| YOUR ASSIGNMENT |
What you need to produce from the material below is an exact transcription of the lines from the one with "Welcome. This is" through the one with "This is a 2008", both included, and no other line.

| SUPPLIED ENTRIES |
────────────────────────────────────────
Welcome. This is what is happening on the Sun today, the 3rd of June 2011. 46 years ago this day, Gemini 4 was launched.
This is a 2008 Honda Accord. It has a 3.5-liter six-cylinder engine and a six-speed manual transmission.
────────────────────────────────────────
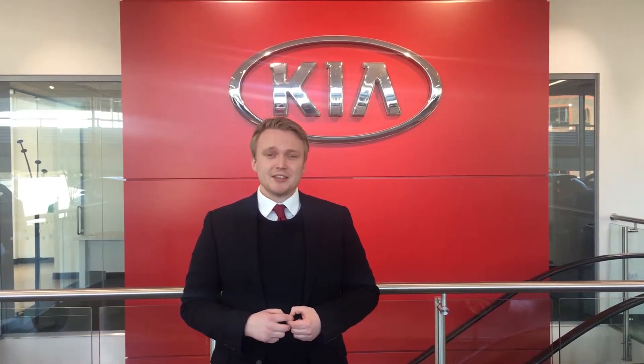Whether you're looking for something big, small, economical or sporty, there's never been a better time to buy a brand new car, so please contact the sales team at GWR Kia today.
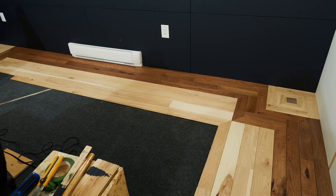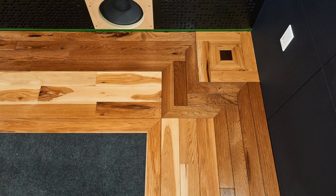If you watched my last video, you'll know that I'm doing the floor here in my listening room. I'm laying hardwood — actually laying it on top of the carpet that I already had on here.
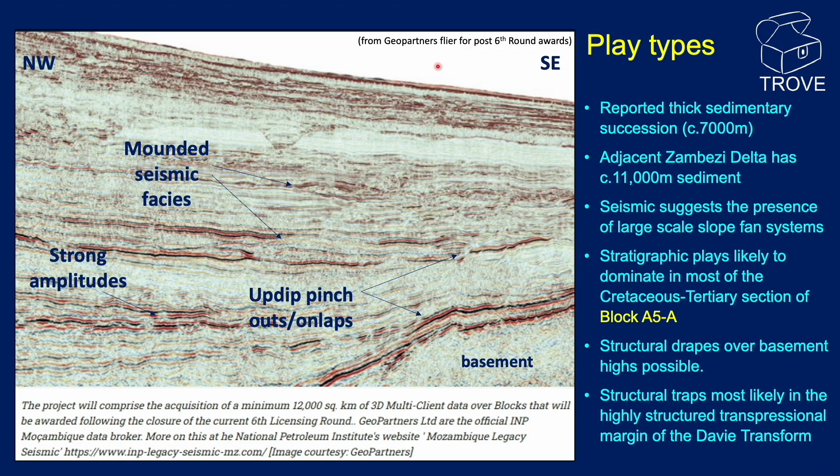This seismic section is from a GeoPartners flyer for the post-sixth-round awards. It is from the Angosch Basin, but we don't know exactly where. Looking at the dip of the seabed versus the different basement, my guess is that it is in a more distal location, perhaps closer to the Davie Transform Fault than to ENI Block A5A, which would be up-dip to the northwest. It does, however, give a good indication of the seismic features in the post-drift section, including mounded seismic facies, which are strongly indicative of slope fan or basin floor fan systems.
────────────────────────────────────────
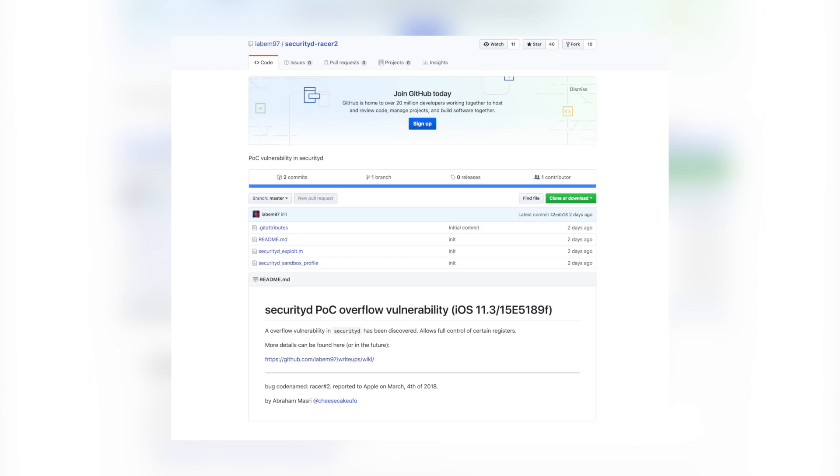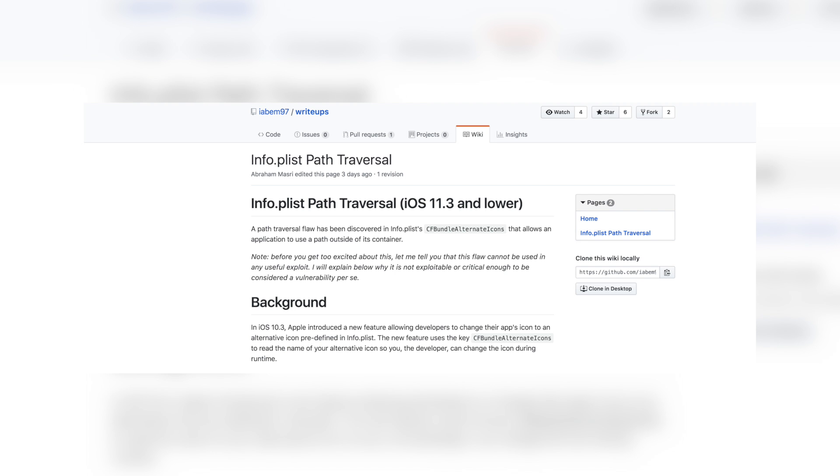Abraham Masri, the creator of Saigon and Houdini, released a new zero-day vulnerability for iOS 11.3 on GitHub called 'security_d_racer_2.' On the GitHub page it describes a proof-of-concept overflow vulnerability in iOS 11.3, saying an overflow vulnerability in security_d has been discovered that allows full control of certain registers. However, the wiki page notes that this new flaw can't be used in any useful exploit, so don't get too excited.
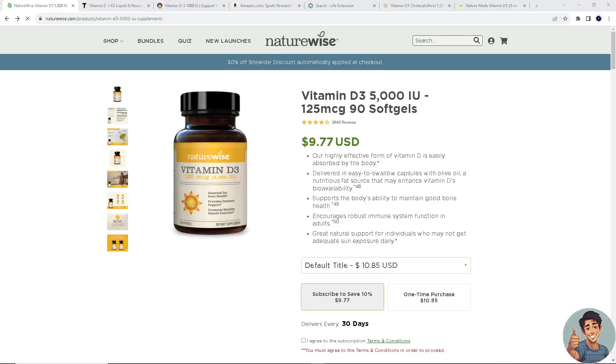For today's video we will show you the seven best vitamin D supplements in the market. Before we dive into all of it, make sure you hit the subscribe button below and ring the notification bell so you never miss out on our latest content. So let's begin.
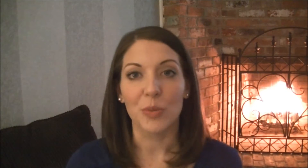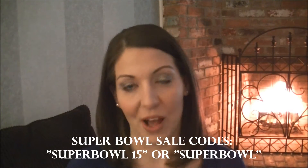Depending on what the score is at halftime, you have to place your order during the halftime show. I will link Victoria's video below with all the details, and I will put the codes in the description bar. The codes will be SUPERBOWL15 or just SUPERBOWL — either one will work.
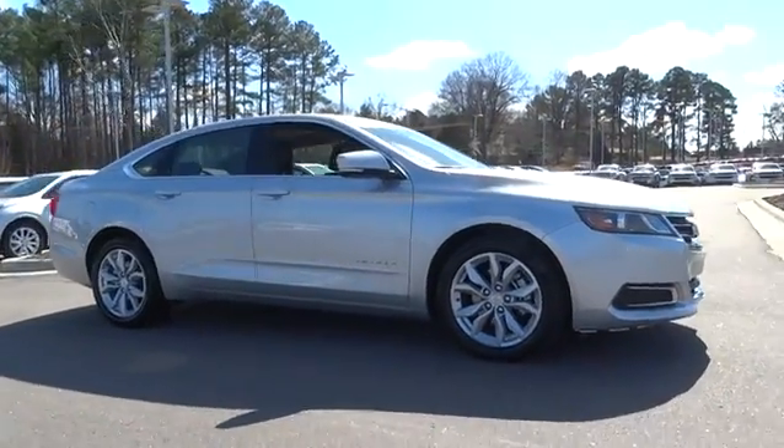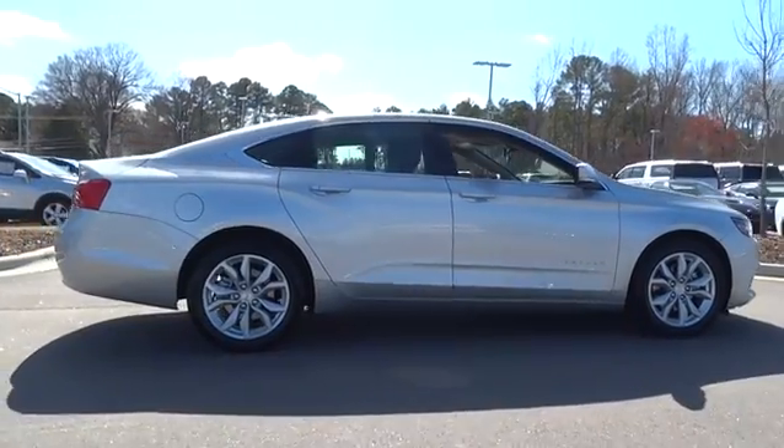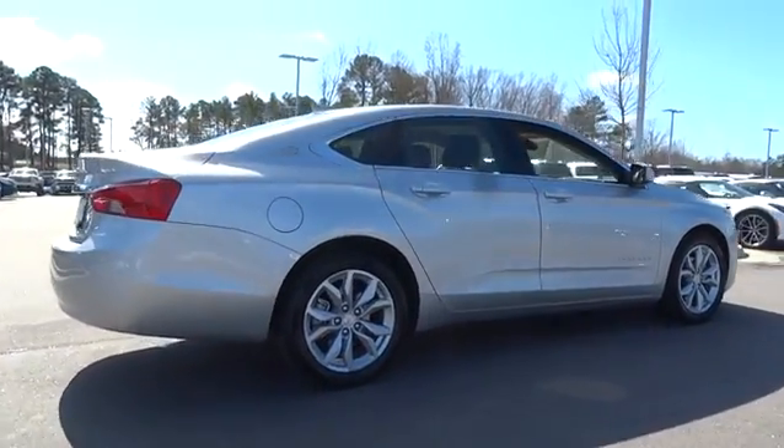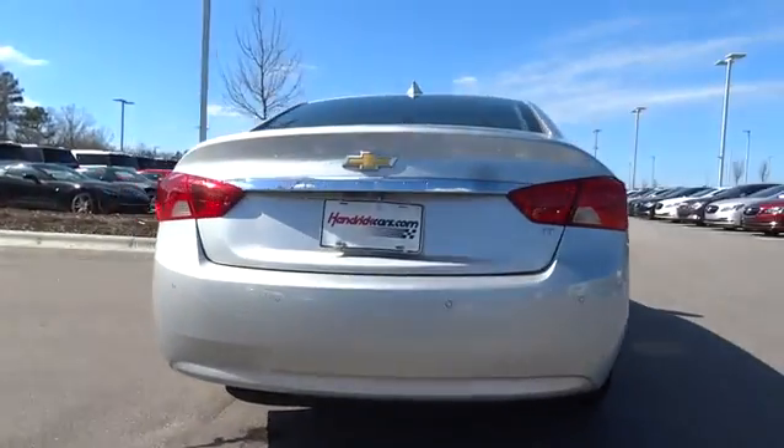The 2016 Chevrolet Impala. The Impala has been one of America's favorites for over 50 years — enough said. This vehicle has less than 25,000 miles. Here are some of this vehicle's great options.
────────────────────────────────────────
| WRITTEN SOLUTION |
Welcome. This is what is happening on the Sun today, the 3rd of June 2011. 46 years ago this day, Gemini 4 was launched.
This is a 2008 Honda Accord. It has a 3.5-liter six-cylinder engine and a six-speed manual transmission.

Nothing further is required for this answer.